More cuts, please: San Francisco's property-tax rolls increased by 4.6% to $340 billion this fiscal year, largely due to older real estate assessment hikes. Despite this, landlords like Brookfield and Columbia Property Trust are actively seeking significant assessment reductions for their properties. Others, such as Blackstone and Equity Residential, have requested more modest cuts.
➥ THE TAKEAWAY
Zoom out: San Francisco's real estate downturn serves as a case study in how global events can shift urban landscapes. While property-tax rolls have increased in the recent fiscal year, the appeal data suggests a pending adjustment period. Both large and smaller property owners are strategizing to mitigate financial losses, revealing an industry grappling with change and uncertainty. The city's resilience and adaptability will be tested in the coming years, setting a precedent for urban centers worldwide.
🌐 AROUND THE WEB
📖 Read: The Federal Reserve aims to shrink its balance sheet by $1tn this month, a pivotal step in reversing pandemic-era monetary policies.
🎧 Listen: On this episode of GreyCast by Greysteel, CEO Daryl Carter of Avanath Capital Management delves into his experience in the debt and equity worlds and the challenges of starting a business in 1991 and 2008.
✍️ DAILY PICKS
Bridge Investment Group, led by Jonathan Slager, has acquired six workforce and affordable housing properties in Greater Boston, totaling 1,722 units.
Nightingale Properties is under federal investigation for allegedly diverting tens of millions intended for building acquisitions to its CEO's accounts.
UC Santa Barbara halted its $1.5B windowless dorm project, criticized for resembling a jail, and is now seeking new design proposals.
Barry Sternlicht, CEO of Starwood Capital Group, says the company is in the early stages of launching a distressed real estate fund to capitalize on falling property values.
The Bronx is unveiling a 530,000-square-foot museum, the largest ever, celebrating Hip Hop's history and legacy.

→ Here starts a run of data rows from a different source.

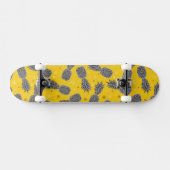 Ananas auf Gold Skateboard (Horizontal)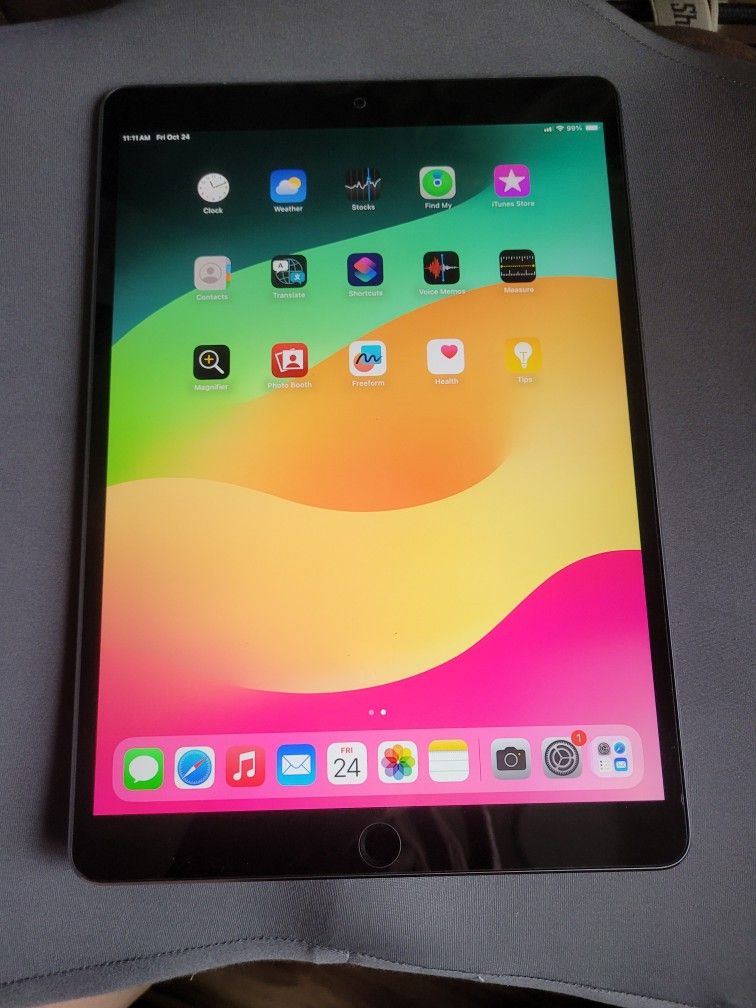 Ipad Pro.1st.Gen.10.5".Wifi+Cellular. 64GB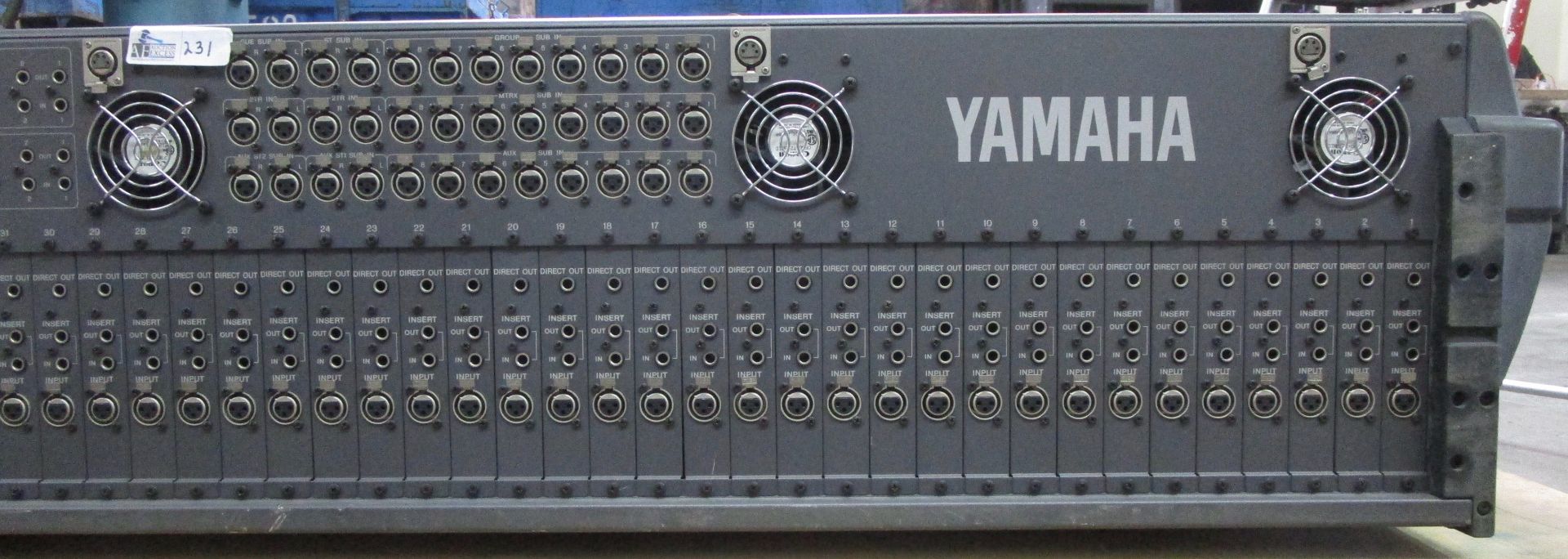 YAMAHA PM4000 SOUNDBOARD WITH PW4000 POWER SUPPLY - Image 6 of 7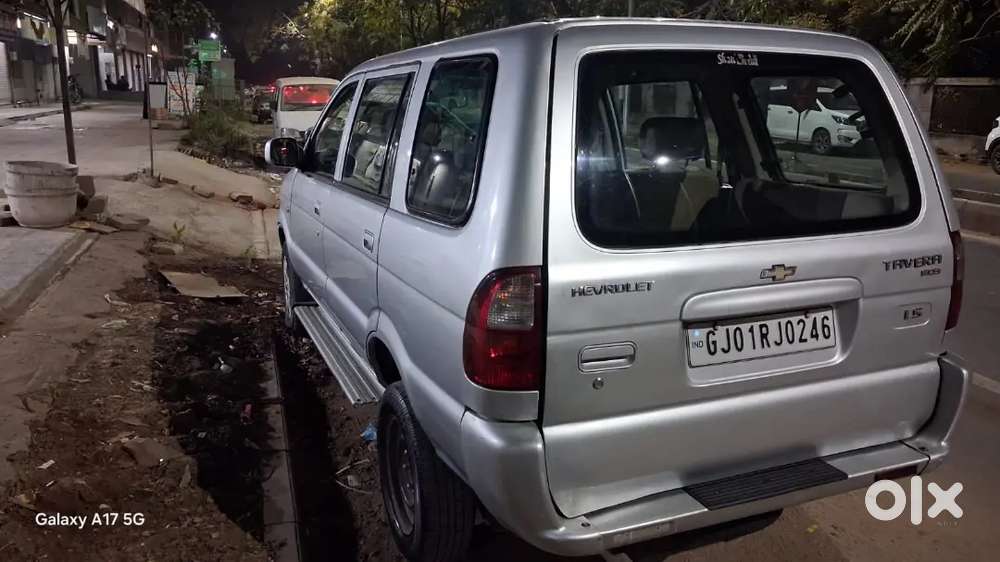 Chevrolet Tavera Neo 2014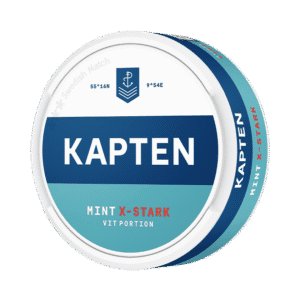 Kapten Vit Mint X-Stark – dosan sedd snett framifrån, extra stark vit portion tobakssnus med tobak och mint från Swedish Match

A $550M hotel project with 888 rooms in Arlington has attracted thousands of bookings seven months before its February debut.
Jeff Bezos, Amazon's founder, is acquiring a $68M waterfront mansion in Indian Creek, a man-made barrier island in Miami.
Disney recently unveiled "Storyliving by Disney," a new real estate venture aiming to extend the company's magic into planned communities across the U.S.
📈 CHART OF THE DAY
New Report Shows San Francisco Has Worst Recovery of Any City From the Pandemic
San Francisco's ongoing decline was highlighted by the University of Toronto School of Cities Downtown Recovery Rankings report, indicating the city's weakest pandemic recovery among all cities. The report analyzed mobile phone data from 52 U.S. and Canadian cities, revealing that San Francisco experienced only 32% of the foot traffic it had during Spring 2019. This 32% figure persisted during Winter 2022-2023 as well, signifying no improvement despite city efforts.